La “carte dorée” annoncée par Trump, pour VIP fortunés, ne pourra pas être vendue de sitôt

© (Photo by Mandel NGAN / AFP)

Une “carte dorée” à environ cinq millions de dollars, visa de résident permanent aux Etats-Unis destiné aux étrangers fortunés, pourrait selon Donald Trump être vendue dès mars, mais un tel titre ne semble pas pouvoir être créé sans le Congrès, selon des spécialistes en droit de l’immigration.

“Nous avons tout prévu d’un point de vue juridique”, a déclaré le président américain fin février, assurant que cette nouvelle carte serait commercialisée deux semaines plus tard. “Elle sera en vente très très vite”, a-t-il dit au Congrès mardi.

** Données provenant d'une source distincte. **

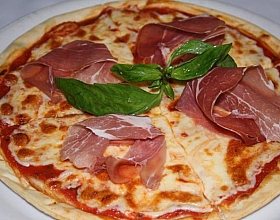 Пицца «Капри» с ветчиной и баклажанами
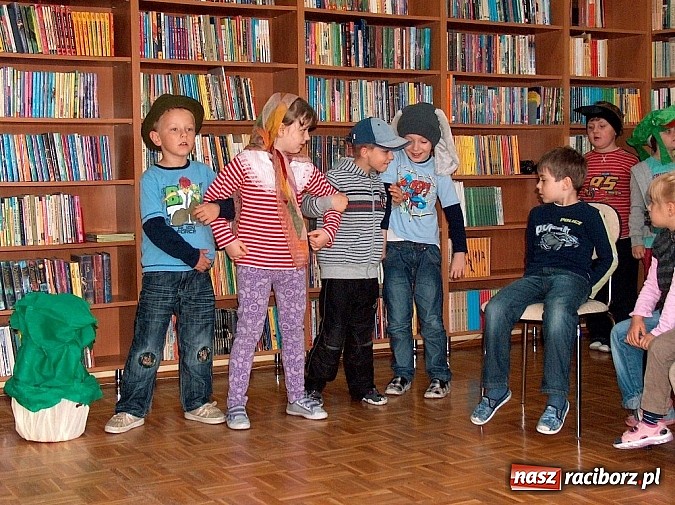 Zdjęcie w galerii na portalu naszraciborz.pl: Cały Racibórz czytał dzieciom wiadomości z regionu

Son administration dispose “d’une autorité importante” pour gérer les programmes de visa existants, mais en élaborer une nouvelle catégorie “nécessiterait une loi du Congrès”, a cependant rappelé Michelle Mittelstadt, du centre de réflexion américain Migration Policy Institute.

Pas sans le Congrès

Un programme similaire à l’idée de “carte dorée” existe déjà aux Etats-Unis. Créé en 1990 pour stimuler l’économie, l’EB-5 permet aux investisseurs étrangers de demander une carte de résident permanent (surnommée carte verte), à condition de placer suffisamment de capitaux dans une entreprise américaine. Autre condition requise: prévoir de créer ou de préserver dix emplois permanents à temps plein et réservés à des salariés américains qualifiés.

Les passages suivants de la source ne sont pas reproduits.